On October 18, 2012, the Company redeemed the remaining 2,554,235 shares of Series A Preferred Stock at the $25.00 per share liquidation value plus accrued and unpaid dividends of $0.0948460 per share on such redeemed shares for approximately $64.1 million.
During the year ended December 31, 2011, the Company issued 1,708,276 shares of common stock and 1,740,000 shares of Series B Non-Voting Cumulative Preferred Stock (the “Series B Preferred Stock”), par value $0.01 per share. All of the shares were issued to partially fund the 2011 Acquisition discussed in detail in Note 19 in the Notes to the Consolidated Financial Statements contained in this Form 10-K.
On October 24, 2011, the Company, on behalf of a selling stockholder, closed on a public offering of 3,162,069 shares of common stock. The 3,162,069 shares of common stock sold included 1,453,793 shares of common stock issued by the Company upon redemption of 1,453,793 shares of Series B Preferred Stock. The Company did not receive any proceeds from the offering. On December 23, 2011, the remaining 286,207 Series B Preferred Stock were redeemed for 286,207 shares of common stock. As of the December 31, 2011, the Company did not have any Series B Preferred Stock outstanding.
Note 4—Common Stock and Other Equity Related Transactions (continued)

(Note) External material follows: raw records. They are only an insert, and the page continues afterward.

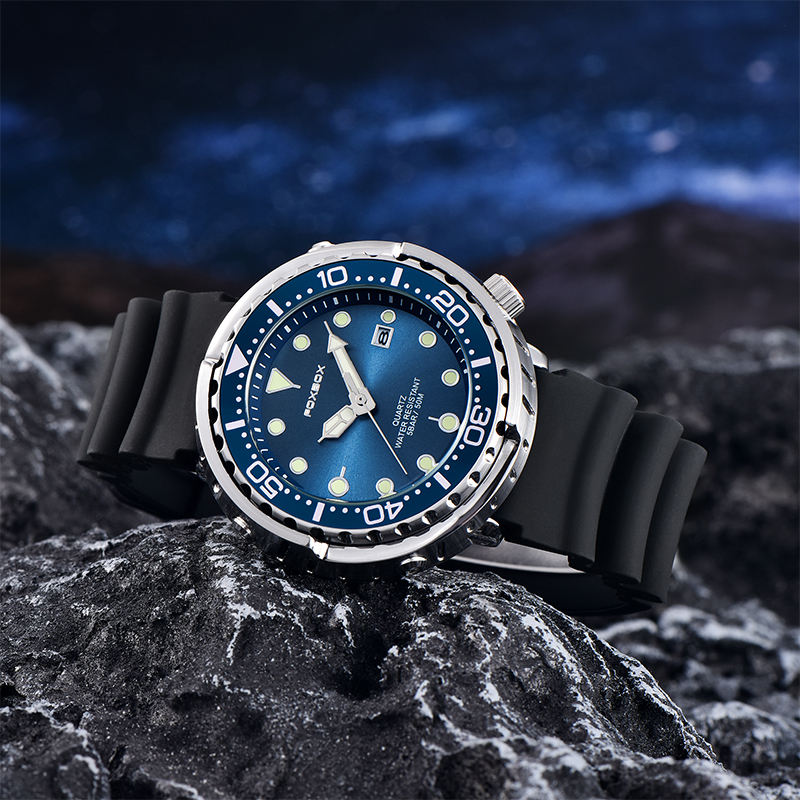 FOXBOX FB0024 Creative Designer Herren uhren Datum Silikon armband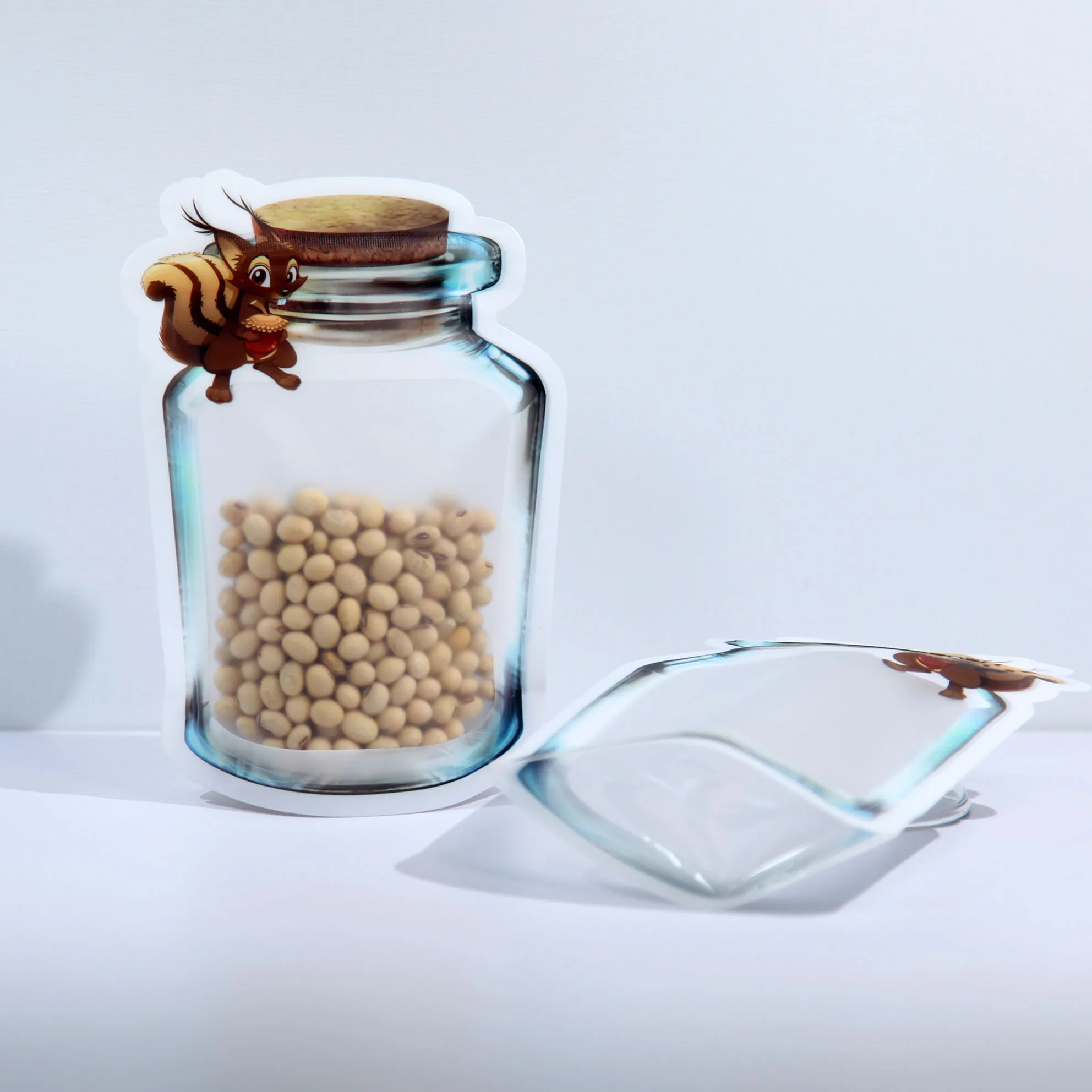 Мешочек в форме бутылки многоразовый стоячий пластиковый мешочек для еды банка с орехами на молнии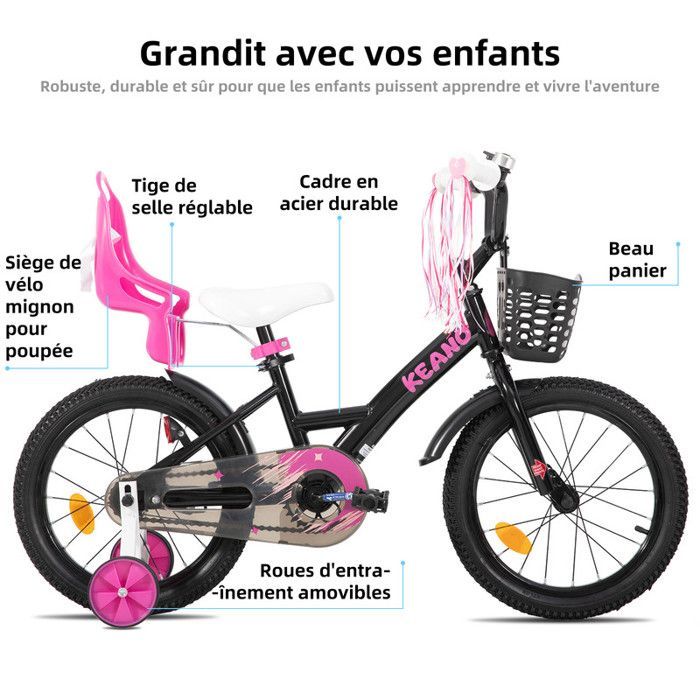 Vélo pour enfants - JOYSTAR - 14 pouces - Avec panier et roues d'entraînement -Convient aux enfants âgés de 3 à 5 ans-Adorable- Noir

On June 7, 2011, the Company issued 6,037,500 shares of common stock in an equity offering for approximately $344.0 million in proceeds, net of offering costs. The proceeds were used to partially fund the 2011 Acquisition discussed in detail in Note 19 in the Notes to Consolidated Financial Statements contained in this Form 10-K.
On March 4, 2011, the Company, on behalf of selling stockholders, closed on a public offering of 8,000,000 shares of Series A Preferred Stock, par value $0.01 per share, liquidation preference of $25.00 per share, at a price of $24.75 per share. The selling stockholders received the Series A Preferred Stock in exchange for $200 million of previously issued series D and series F Perpetual Preferred OP Units. Holders of the Series A Preferred Stock have preference rights with respect to liquidation and distributions over the common stock. The Company has the option at any time to redeem the Series A Preferred Stock at a redemption price of $25.00 per share, plus accumulated and unpaid dividends. The Company did not receive any proceeds from the offering.